Crawled caption data
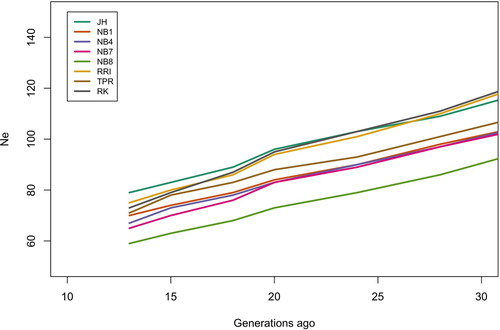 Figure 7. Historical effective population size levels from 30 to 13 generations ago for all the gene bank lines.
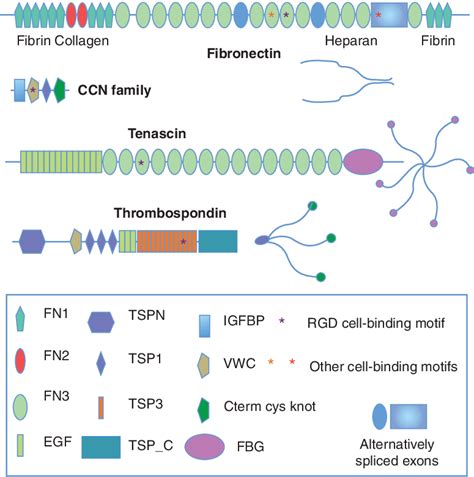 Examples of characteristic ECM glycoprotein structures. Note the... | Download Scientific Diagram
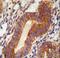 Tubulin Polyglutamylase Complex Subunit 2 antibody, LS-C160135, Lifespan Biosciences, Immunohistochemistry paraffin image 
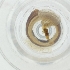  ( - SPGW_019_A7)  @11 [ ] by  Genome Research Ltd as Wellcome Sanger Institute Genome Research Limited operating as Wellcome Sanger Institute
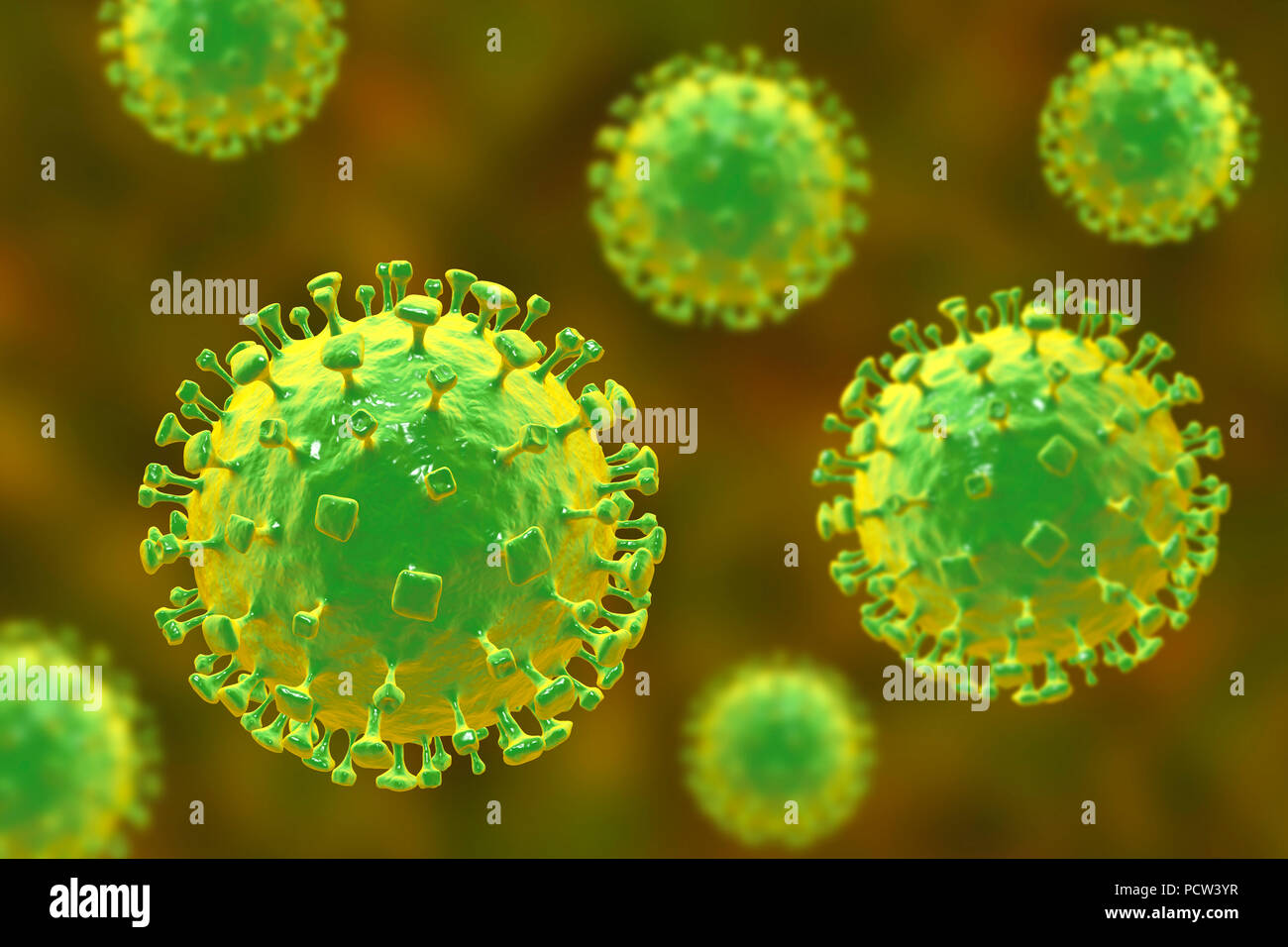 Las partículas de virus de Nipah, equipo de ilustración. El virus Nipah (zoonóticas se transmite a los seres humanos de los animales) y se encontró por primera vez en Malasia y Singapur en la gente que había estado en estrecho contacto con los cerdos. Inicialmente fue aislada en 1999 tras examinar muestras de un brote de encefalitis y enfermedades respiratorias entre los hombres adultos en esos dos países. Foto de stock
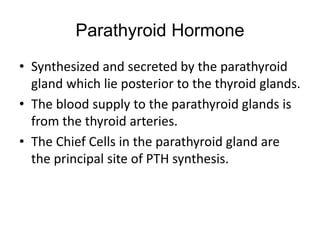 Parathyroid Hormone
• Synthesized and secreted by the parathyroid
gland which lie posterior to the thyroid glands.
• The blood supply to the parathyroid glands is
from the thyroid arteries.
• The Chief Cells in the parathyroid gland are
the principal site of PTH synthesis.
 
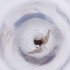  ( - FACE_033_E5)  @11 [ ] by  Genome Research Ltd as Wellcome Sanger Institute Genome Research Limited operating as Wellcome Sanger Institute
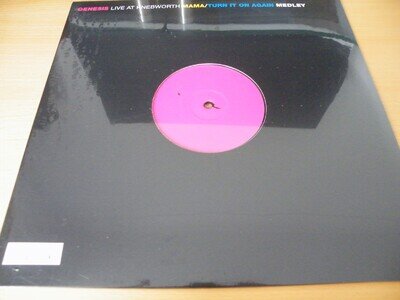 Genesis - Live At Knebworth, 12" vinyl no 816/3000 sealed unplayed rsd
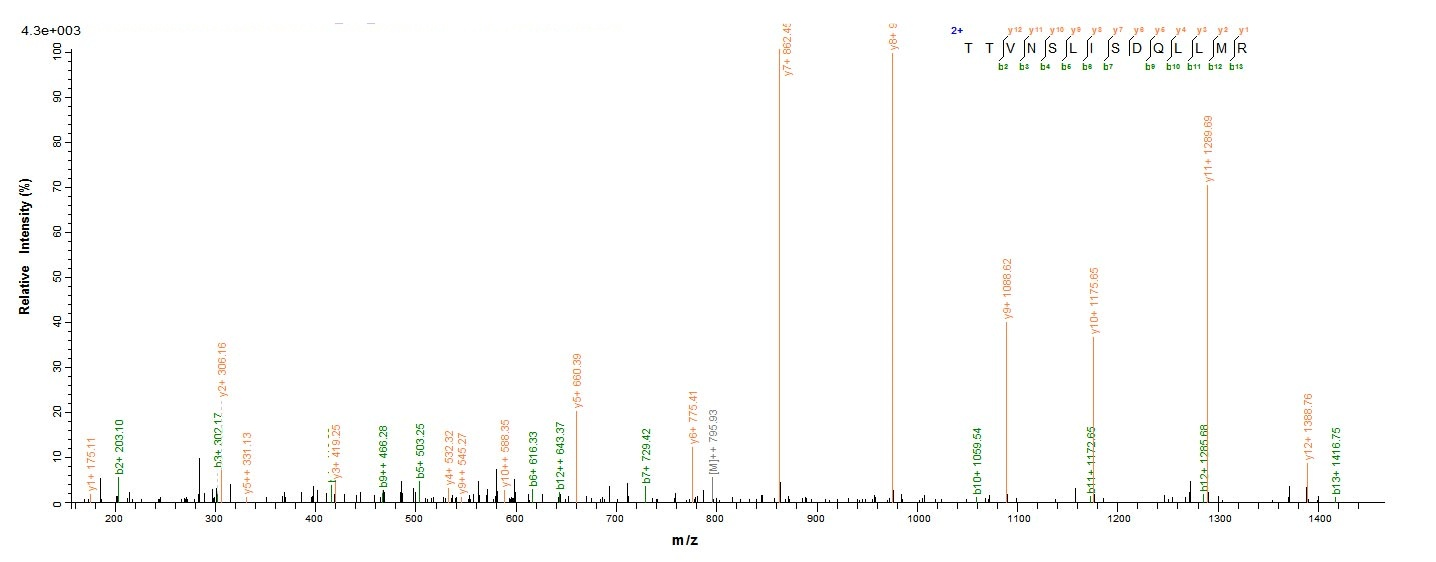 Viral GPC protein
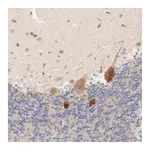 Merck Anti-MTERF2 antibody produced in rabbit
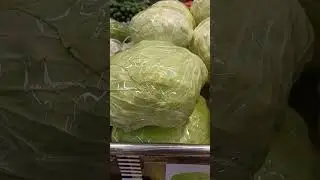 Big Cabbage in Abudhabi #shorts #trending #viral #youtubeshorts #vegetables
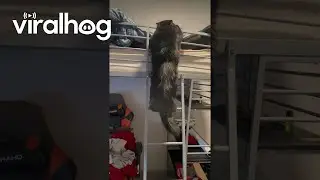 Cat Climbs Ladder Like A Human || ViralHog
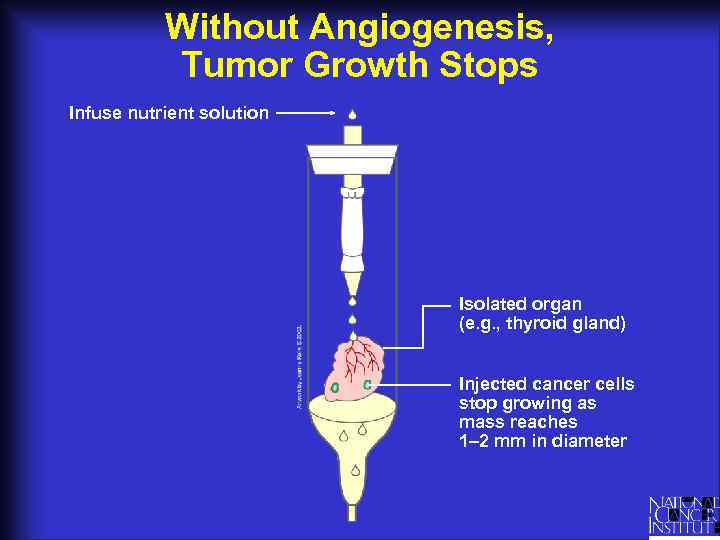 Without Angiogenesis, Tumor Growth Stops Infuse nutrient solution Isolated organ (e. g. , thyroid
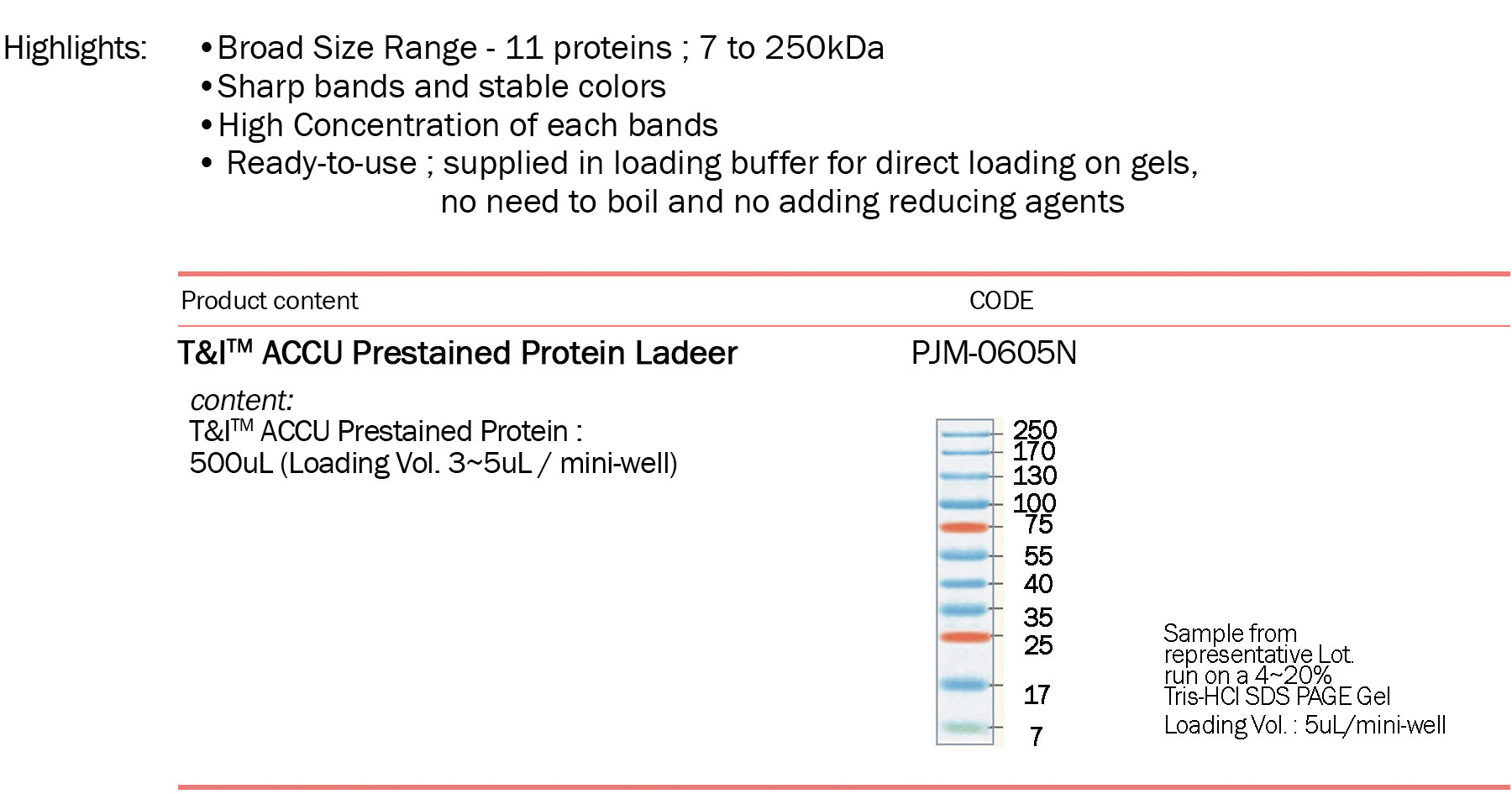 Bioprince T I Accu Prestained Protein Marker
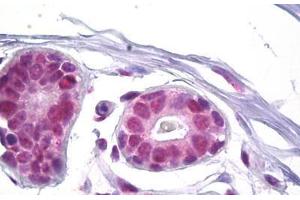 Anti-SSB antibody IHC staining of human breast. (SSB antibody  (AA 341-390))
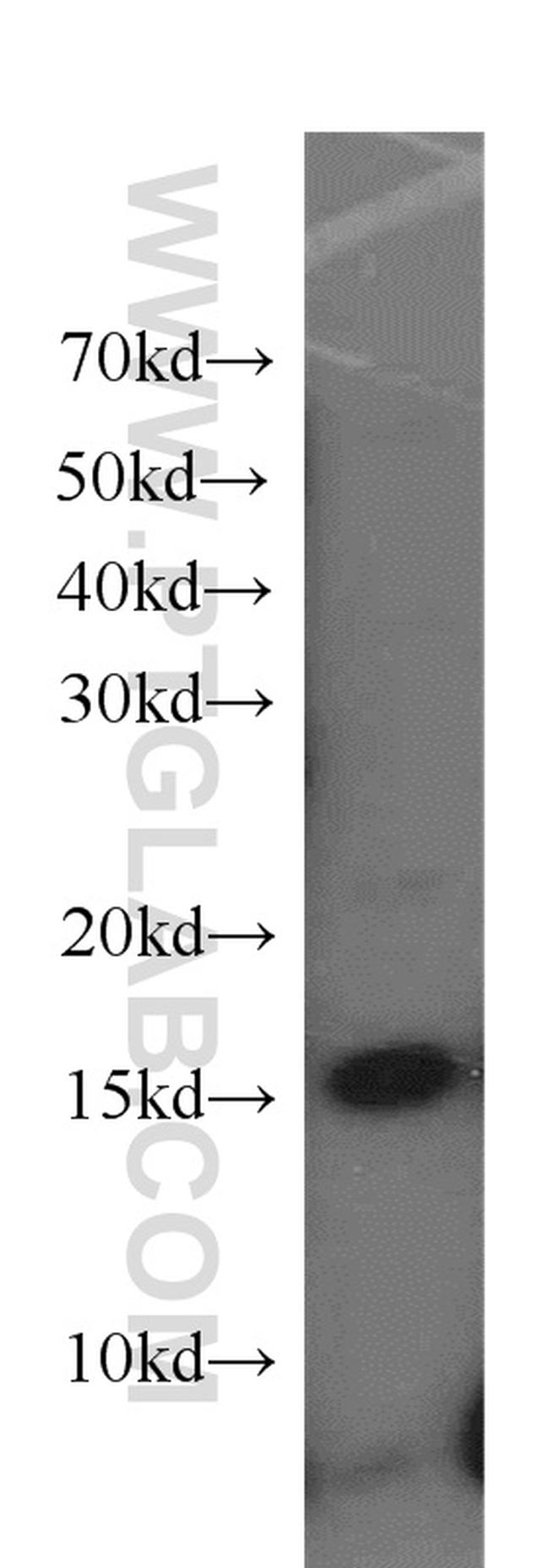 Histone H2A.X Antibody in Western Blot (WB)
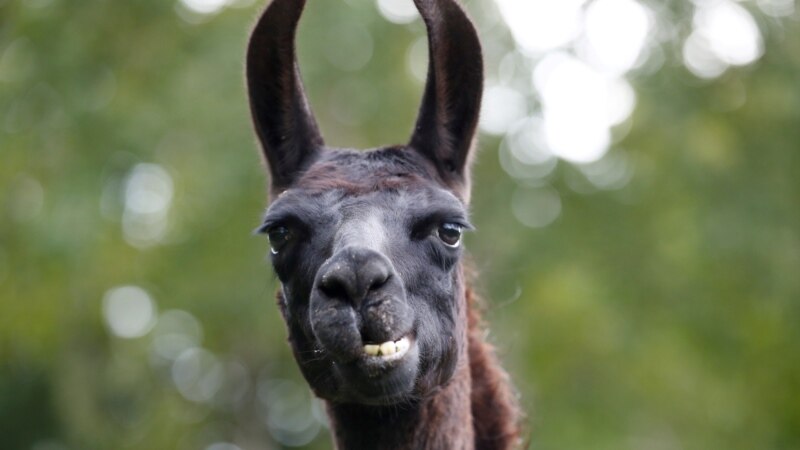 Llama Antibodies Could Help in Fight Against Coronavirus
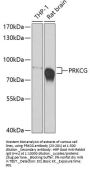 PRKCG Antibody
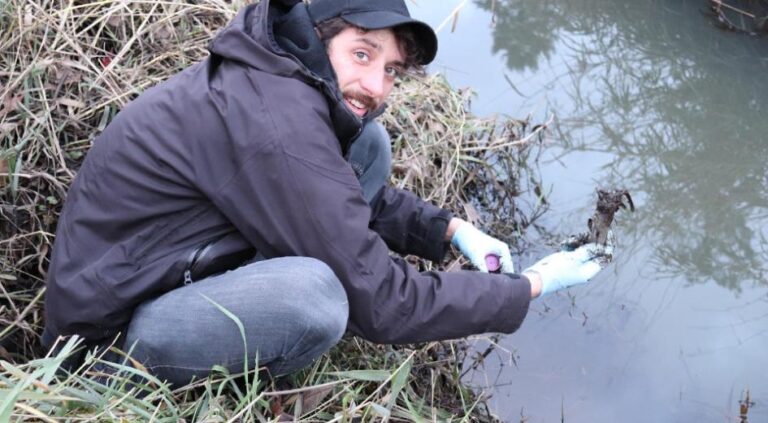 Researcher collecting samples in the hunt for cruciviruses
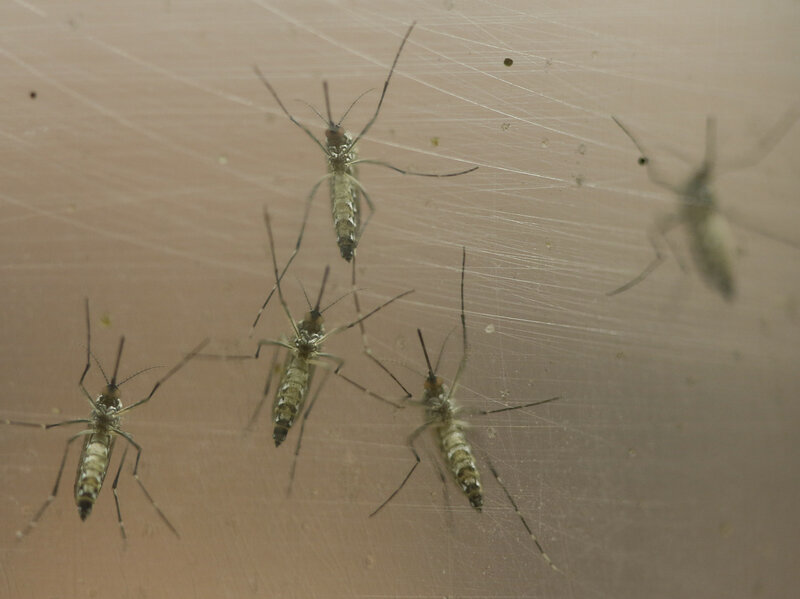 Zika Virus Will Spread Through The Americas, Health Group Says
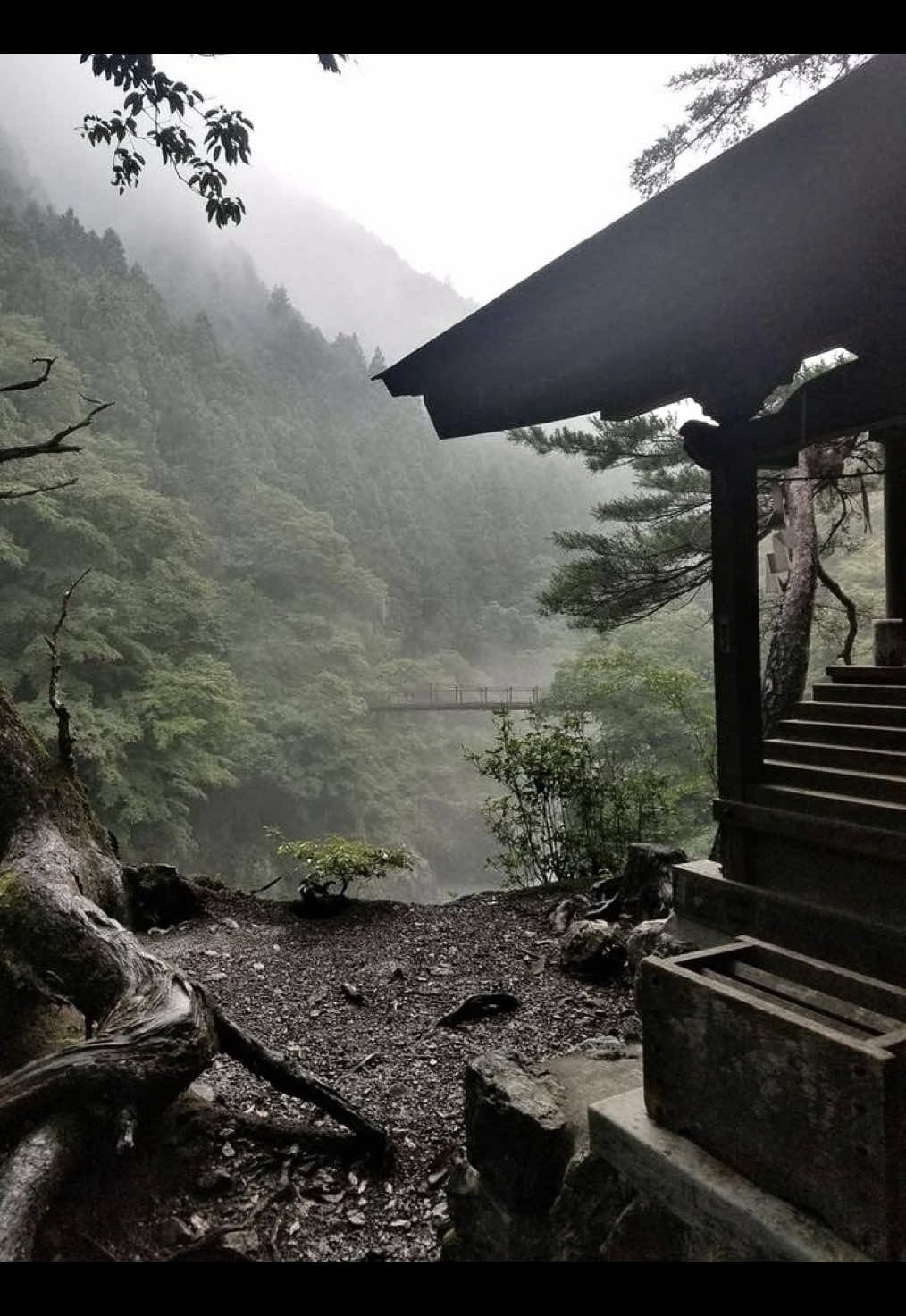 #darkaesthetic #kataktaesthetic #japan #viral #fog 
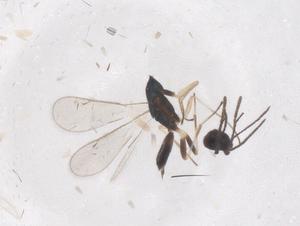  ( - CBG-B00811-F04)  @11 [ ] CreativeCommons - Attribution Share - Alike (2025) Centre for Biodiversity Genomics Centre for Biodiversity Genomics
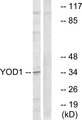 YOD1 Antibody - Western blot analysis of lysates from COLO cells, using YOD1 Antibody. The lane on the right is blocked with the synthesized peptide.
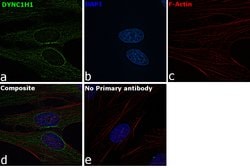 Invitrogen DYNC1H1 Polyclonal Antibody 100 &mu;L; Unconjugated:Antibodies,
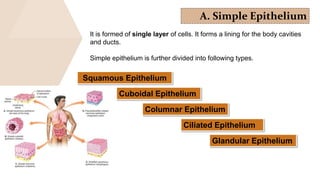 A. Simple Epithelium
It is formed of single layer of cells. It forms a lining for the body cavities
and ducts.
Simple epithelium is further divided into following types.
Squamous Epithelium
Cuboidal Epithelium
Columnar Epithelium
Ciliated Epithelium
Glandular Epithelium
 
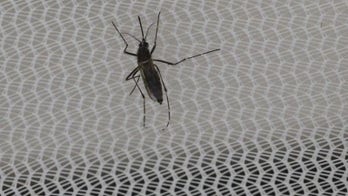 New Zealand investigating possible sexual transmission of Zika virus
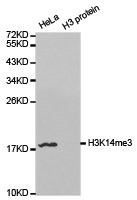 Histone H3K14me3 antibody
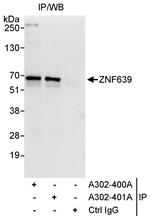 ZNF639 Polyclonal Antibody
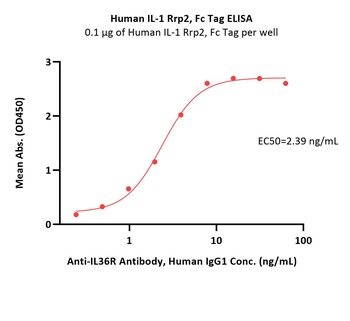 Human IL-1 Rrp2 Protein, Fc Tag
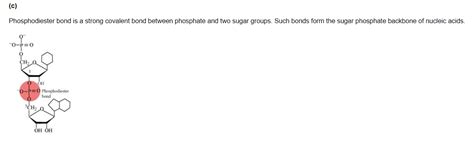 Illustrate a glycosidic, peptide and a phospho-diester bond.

→ ASSIGNMENT
Exact copy, no pictures. Write out the lines in the entries above, starting with the line with "Histone H2A.X Antibody in Western Blot (WB)" and going on through the line with "A. Simple Epithelium", keeping both.

→ PROBLEM SOLUTION
 Histone H2A.X Antibody in Western Blot (WB)
 Llama Antibodies Could Help in Fight Against Coronavirus
 PRKCG Antibody
 Researcher collecting samples in the hunt for cruciviruses
 Zika Virus Will Spread Through The Americas, Health Group Says
 #darkaesthetic #kataktaesthetic #japan #viral #fog 
  ( - CBG-B00811-F04)  @11 [ ] CreativeCommons - Attribution Share - Alike (2025) Centre for Biodiversity Genomics Centre for Biodiversity Genomics
 YOD1 Antibody - Western blot analysis of lysates from COLO cells, using YOD1 Antibody. The lane on the right is blocked with the synthesized peptide.
 Invitrogen DYNC1H1 Polyclonal Antibody 100 &mu;L; Unconjugated:Antibodies,
 A. Simple Epithelium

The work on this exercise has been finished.